DATA LISTING:
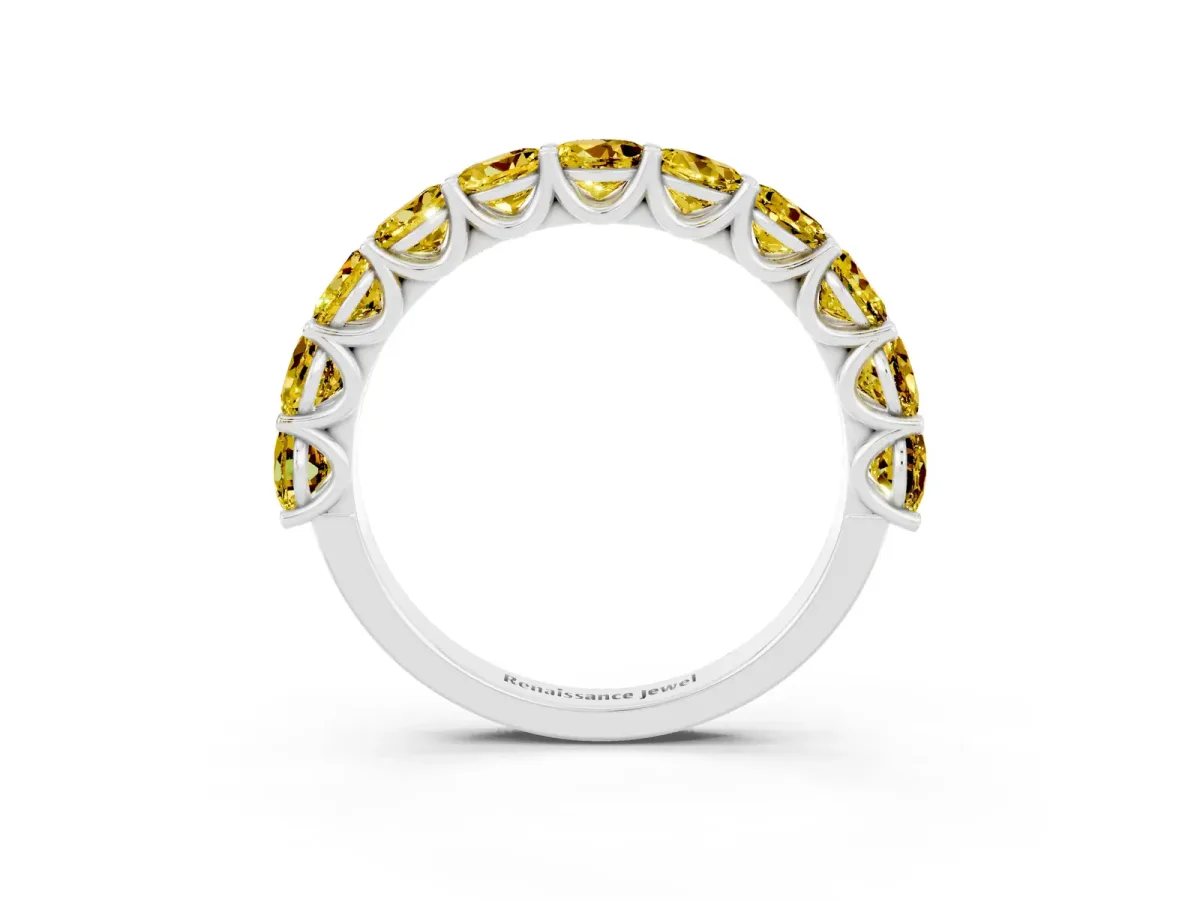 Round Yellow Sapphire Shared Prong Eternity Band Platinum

--

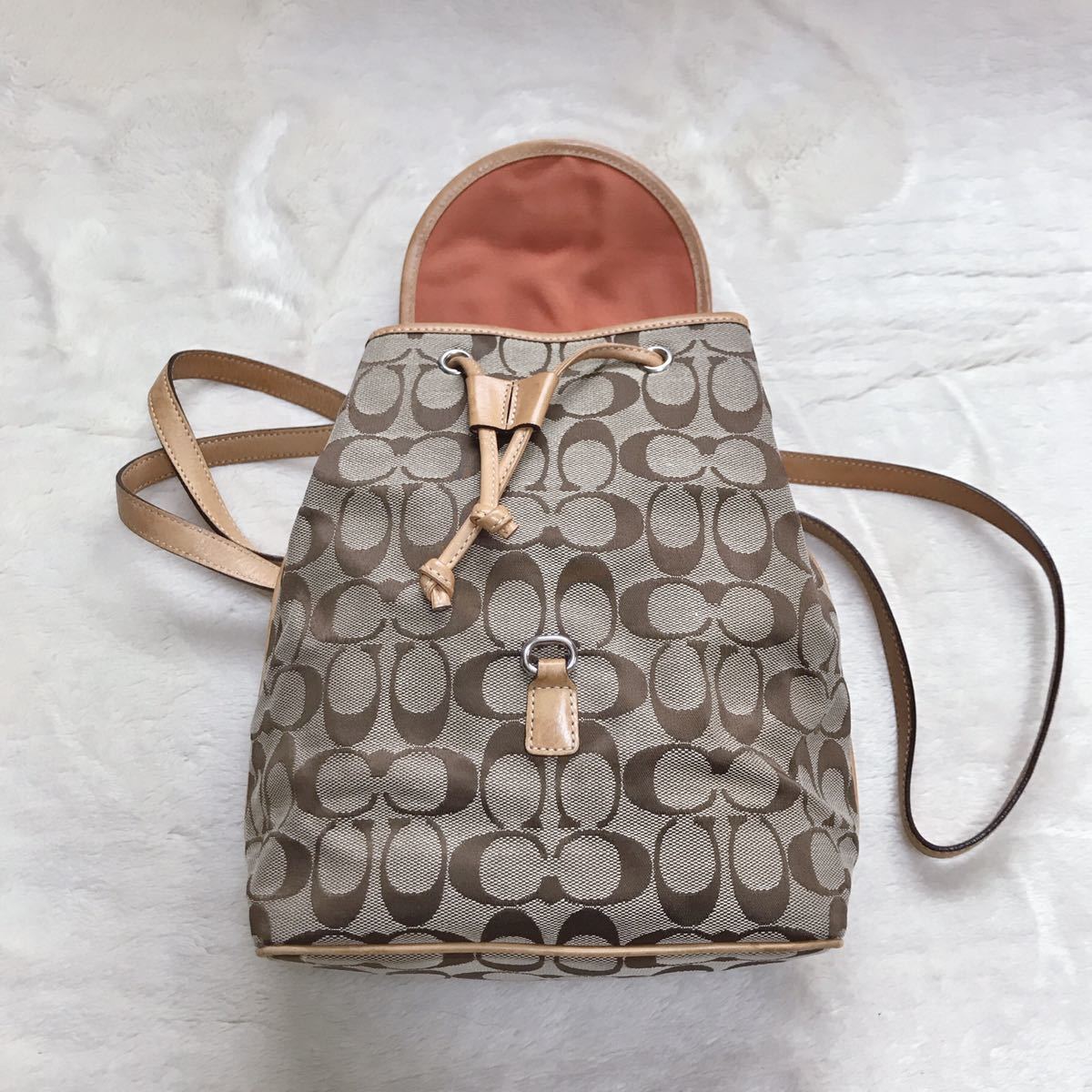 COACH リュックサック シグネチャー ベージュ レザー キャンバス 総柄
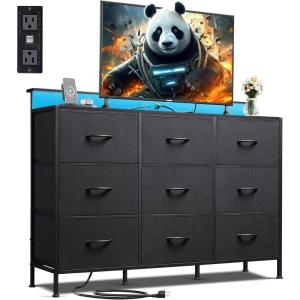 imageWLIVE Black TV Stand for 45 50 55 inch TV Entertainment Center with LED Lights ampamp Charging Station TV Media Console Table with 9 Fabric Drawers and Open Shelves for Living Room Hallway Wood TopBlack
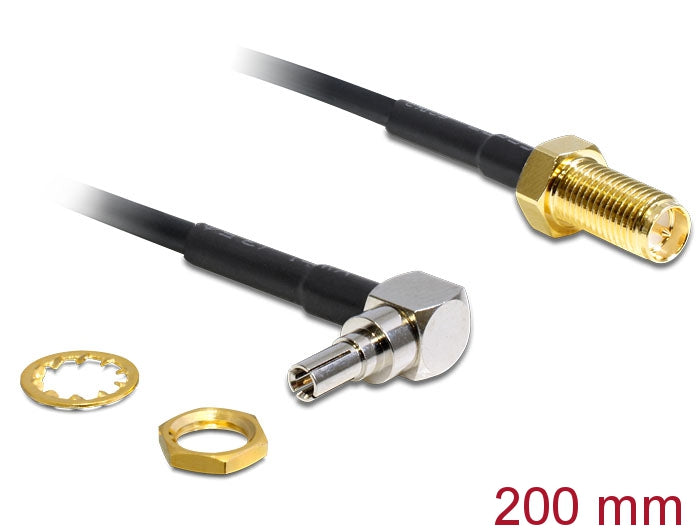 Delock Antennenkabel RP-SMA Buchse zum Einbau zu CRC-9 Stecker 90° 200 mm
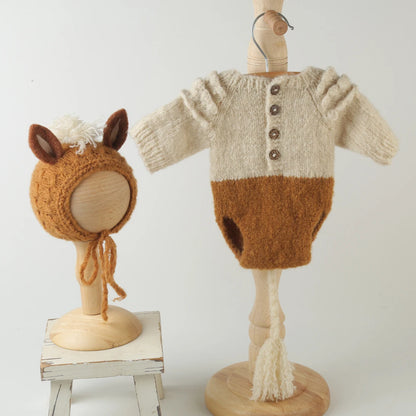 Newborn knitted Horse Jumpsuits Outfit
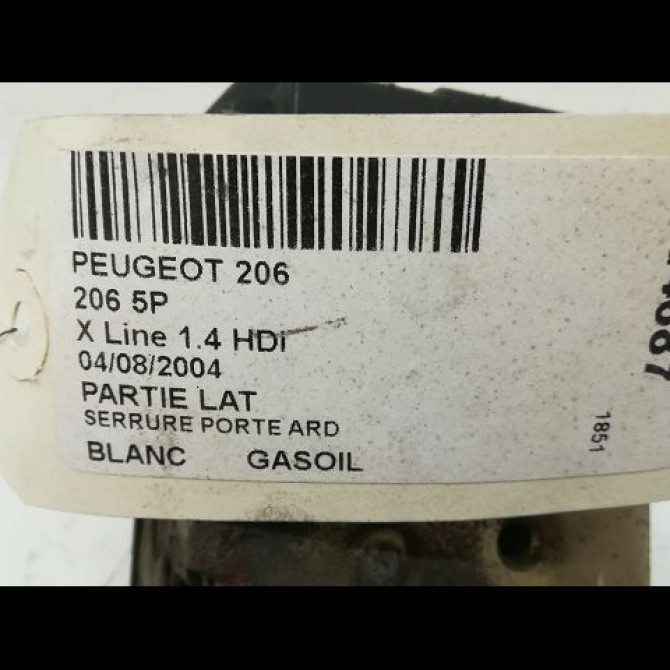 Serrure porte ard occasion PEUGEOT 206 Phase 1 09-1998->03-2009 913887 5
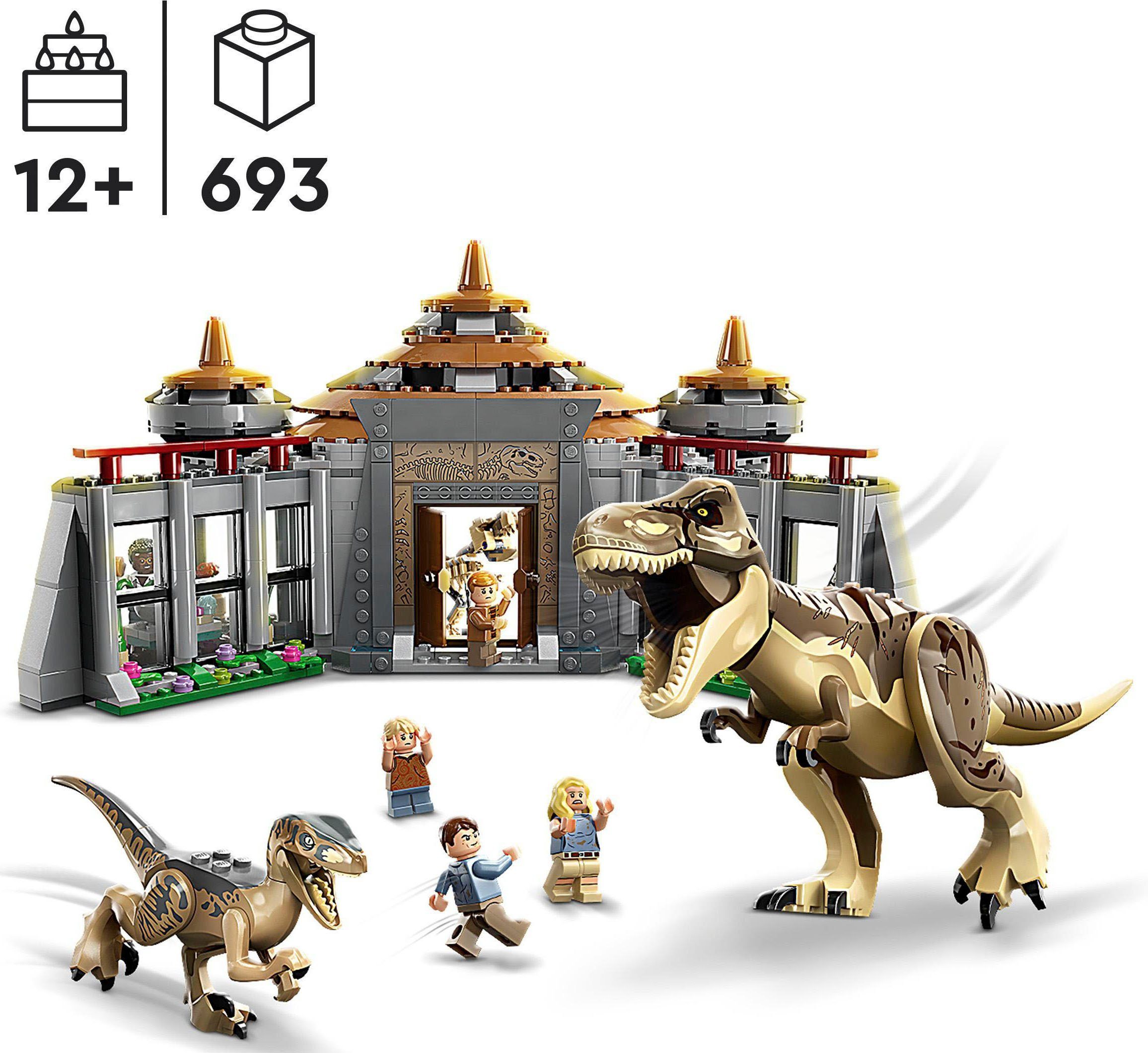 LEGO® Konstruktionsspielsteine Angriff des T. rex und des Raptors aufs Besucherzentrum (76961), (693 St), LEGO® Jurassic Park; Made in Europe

TASK PROMPT:
Write out again exactly the lines above from the one with "Serrure porte ard" through the one with "LEGO® Konstruktionsspielsteine Angriff", adding no other lines and no pictures.

RESPONSE:
 Serrure porte ard occasion PEUGEOT 206 Phase 1 09-1998->03-2009 913887 5
 LEGO® Konstruktionsspielsteine Angriff des T. rex und des Raptors aufs Besucherzentrum (76961), (693 St), LEGO® Jurassic Park; Made in Europe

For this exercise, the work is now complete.